Immigration policy in the United States is one of the most divisive issues facing our country. Some groups, such as the Federation for American Immigration Reform and the Center for Immigration Studies, advocate for massive reductions in the number of immigrants in the United States, including both undocumented and legal immigrants. Other groups, such as Compete America and the American Immigration Council, advocate for changes that will modernize immigration policy to allow employers in the U.S. to fill critical hiring needs, reunite families, and provide opportunities for those fleeing violence, natural disaster, and devastating poverty.

Not surprisingly, each new presidential administration has listed immigration reform somewhere on its priority list. And yet, despite being a priority, we have not seen comprehensive changes to the underlying legal structure of the U.S. immigration system since the Immigration Act of 1990 (IMMACT 90). High-skilled immigration saw some modifications through the American Competitiveness and Workforce Improvement Act (ACWIA), passed in 1998, and the American Competitiveness in the Twenty-First Century Act (AC21), passed in 2000. However, these statutes only made small adjustments to the existing structure for high-skilled immigration, including some that were only temporary.

Yet, immigration policy in the U.S. is anything but stable. Instead, it has undergone major changes—through regulatory changes, the issuance of policy memoranda, and other guidance on adjudication policies. Sometimes, the changes are more accommodating to immigrants; other times, the changes are more restrictive.

This article examines these changes as they relate to high-skilled, employment-based immigration in the U.S. In particular, this article focuses on policy relating to H-1B nonimmigrant petitions for workers performing specialty occupations; L-1 nonimmigrant petitions for intracompany transfers for managers and workers with specialized knowledge; and immigrants seeking permanent residence through the employment-based first, second, and third preference categories.

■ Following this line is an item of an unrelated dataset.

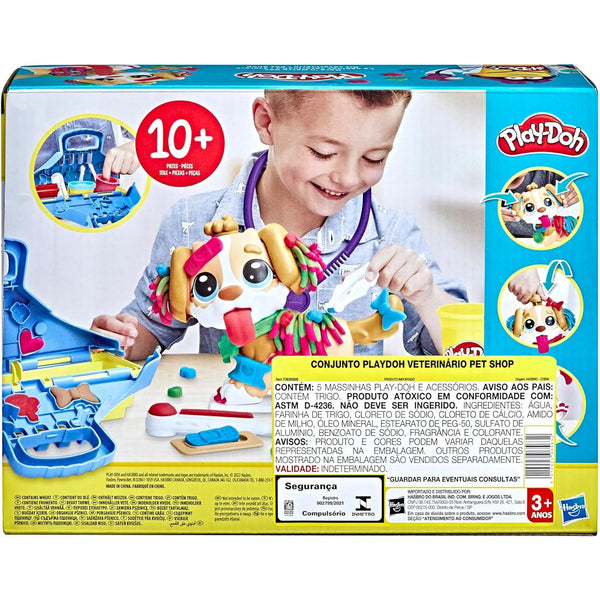 Play-Doh Tierarzt Spielset mit Spielzeughund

This article continues with an analysis of how the Trump administration has affected high-skilled immigration policy far more in its first year than the prior two presidential administrations—despite not making any statutory or regulatory changes. Instead, the administration has used a combination of sub-regulatory actions, such as the issuance of executive orders, rescission of long-standing policy memoranda of the United States Citizenship and Immigration Services (USCIS), and changes to adjudication policy. While agency decision-makers seem to drive the directives, disclosure of the internal policy directives has not yet occurred. The combination of these factors has created a dramatic effect on the practical administration of high-skilled immigration policy.